Friday, 7 March 2008

I Spit on Your Grave (1978)

The hammock of the damned

Meir Zarchi's I Spit On Your Grave (otherwise known under the more tasteful title Day of the Woman) was crucified upon it's release. Roger Ebert named it the worst movie ever made, but then he liked Garfield: The Movie, so what does he know? It was finally released uncut in Australia in 2004, so I picked up a copy. Does it live up to it's reputation? Let's find out...

Successful New York writer Jennifer Hills (Camille Keaton, Buster Keaton's granddaughter!) decides to take a trip up to a remote cabin so she can finish her book in peace and tranquility. Upon her arrival, she is continually harassed by four inbred locals... Johnny (Eron Tabor), Stanley (Anthony Nichols), Andy (Gunter Kleemann) and the mildly-retarded Matthew (Richard Pace). Offended by her fancy-pants New-York-independent-feminist ways, they concoct a plan to punish her and help Matthew lose his virginity. The next day as she is relaxing on her boat, the four men tow her boat to shore and chase her through the woods. She is captured and brutally raped and beaten... twice! Bruised and bloody, she crawls back to her house, but the men are already there. They rape and beat her again and ridicule and burn her manuscript for good measure. The three men order Matthew to stab her to death, but he can't bring himself to do it and leaves her alive, concealing it from the other men.

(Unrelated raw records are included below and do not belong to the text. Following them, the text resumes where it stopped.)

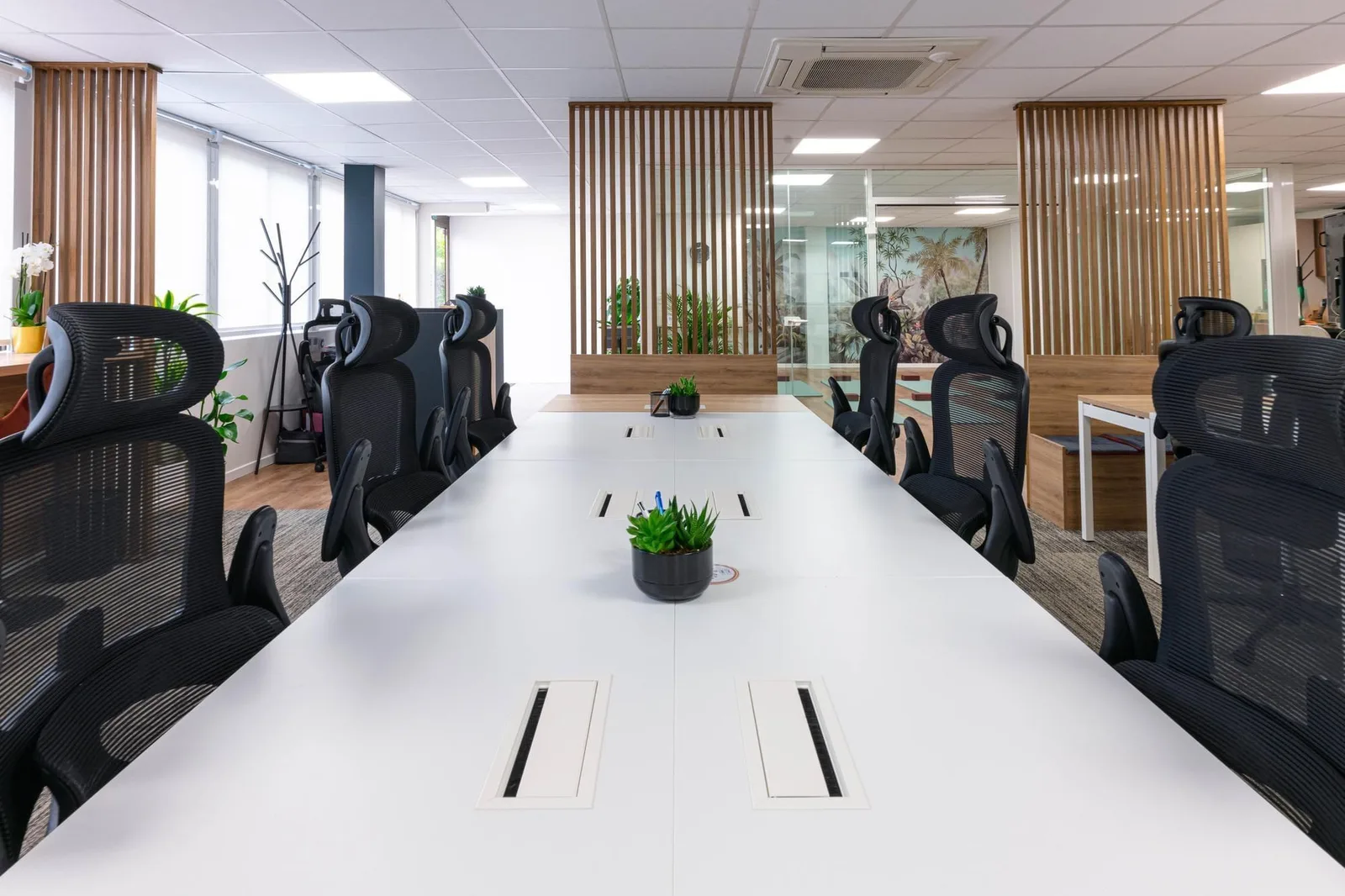 Le W Chill, Open space, Gometz La Ville
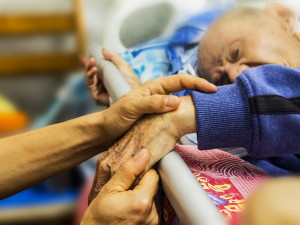 Na domácí hospicovou péči poskytne letos Plzeňský kraj 3,7 milionu korun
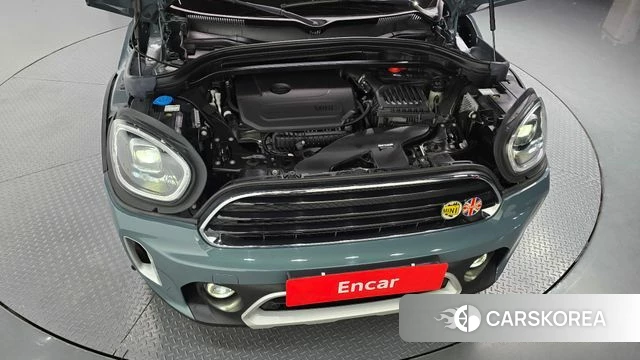 Mini Cooper Countryman id 4701243 из Кореи 27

Over the following few days, Jennifer is in a daze. Gradually she gains back her senses, and with them, a thirst for vengeance. She pieces together her manuscript and vows revenge on her attackers.

First of all, she lures Matthew to a tree near her cabin and has sex with him. When he is distracted, she slips a noose around his neck and hangs him from the tree.

Secondly, she takes Johnny back to her house and makes him strip at gunpoint. He manages to get the gun from her, but she lures him back to her cabin and into a hot bath. She starts to beat him off before pulling out a hidden knife and cutting off his wang. She locks him in the bathroom and calmly waits until he bleeds out.

The two remaining men take their motor boat to her cabin and attempt to kill her with an axe. She escapes in their boat, and as one of the men swims after her she buries the axe in his back. The last man attempts to climb onto the boat but, ignoring his pleas for mercy, she guts him with the outboard motor. The film promptly ends.

It's easy to see why this film caused a few blue-hairs to faint back in the day. The rape scene in this film is almost thirty minutes long, stark and brutal, with no muscial score or editing tricks. Not exactly pleasant viewing, and that's exactly the point. The scene isn't made to titillate. A lot of people misinterpreted this film as a glorification of rape, which makes about as much sense as saying that Catch 22 is a glorification of war. It's a harrowing experience, but it's not as morally despicable as some would have you believe.

Does it hold up after 30 years? Well, with shock-fests like Irreversible making the art-film circuit, it seems that audiences are a bit more tolerant of shocking content when it is put in an appropriate context. That's not to say it's not shocking anymore, because it is, but I doubt it would be the subject of as much controversy these days. Truth be told, a lot about this film is fairly mediocre. The men in this film are unbearably stupid. Matthew seems to be smartest out of all of them, and he's retarded. Production values are very low and the acting is spotty, although Camille Keaton is very good. This is probably one of the best films in the admittedly small rape/revenge genre, it's certainly the most well-known.